== Segment start ==

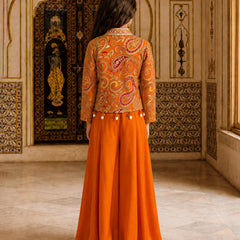 A woman viewed from behind wearing a traditional Indian outfit with an orange paisley embroidered jacket and a matching orange skirt, standing in an ornate interior room.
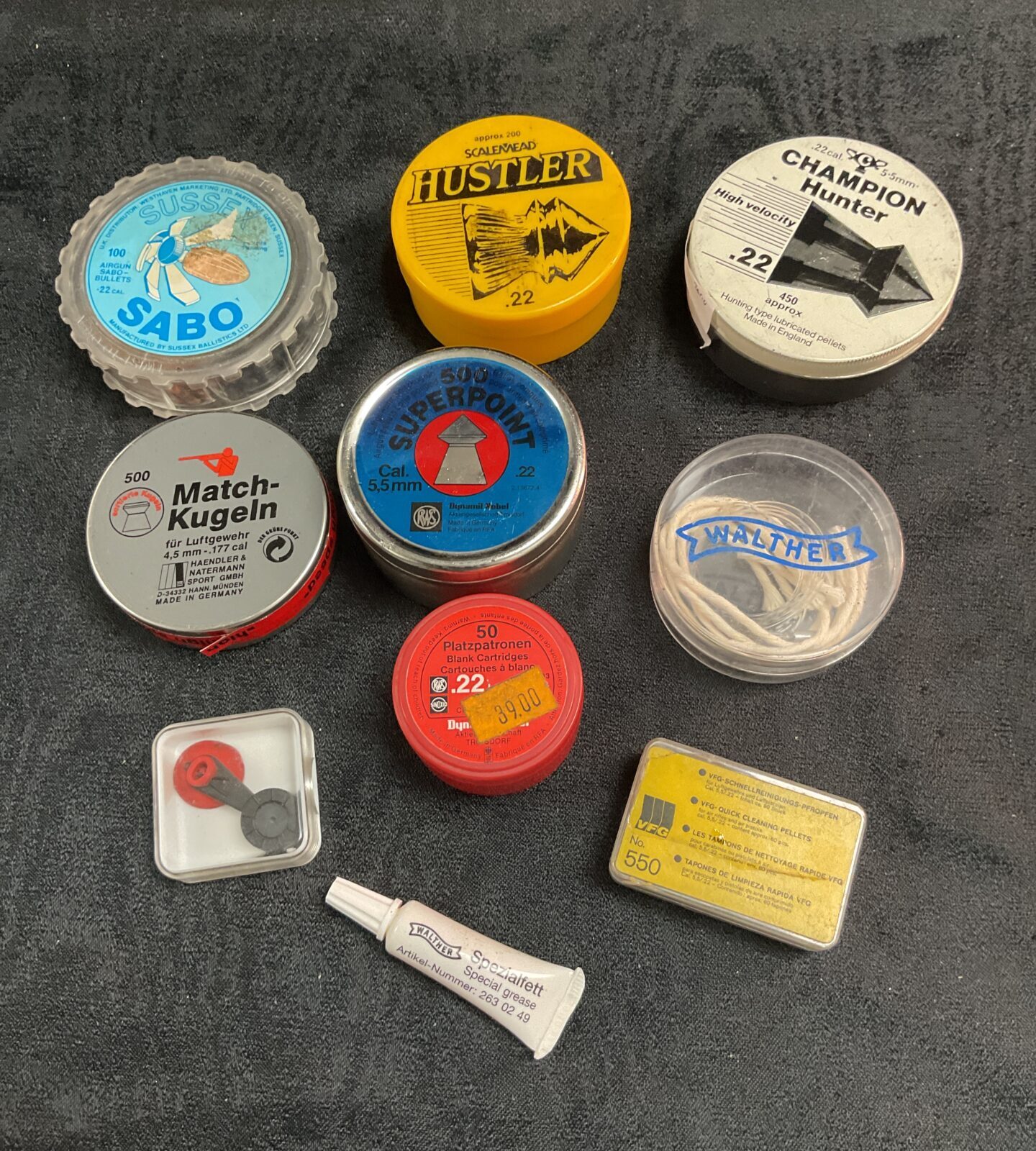 Vintage air rifle pellets in original tins, including Sabo and Hustler brands.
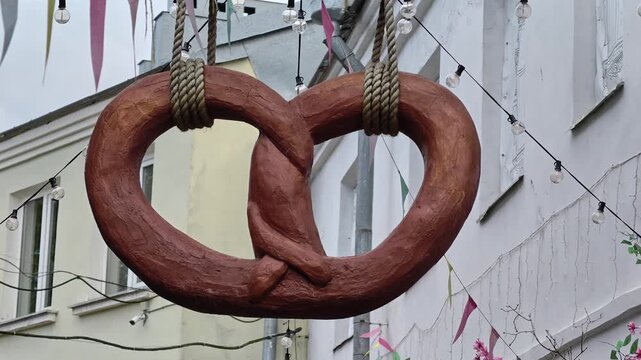A large wooden pretzel hanging from a rope, perfect for festivals or events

== Segment end ==

What is expected: Nothing but the lines from the one containing "Vintage air rifle" through the end of the listing should be printed, each exactly as it appears and without pictures.

Expected answer:
 Vintage air rifle pellets in original tins, including Sabo and Hustler brands.
A large wooden pretzel hanging from a rope, perfect for festivals or events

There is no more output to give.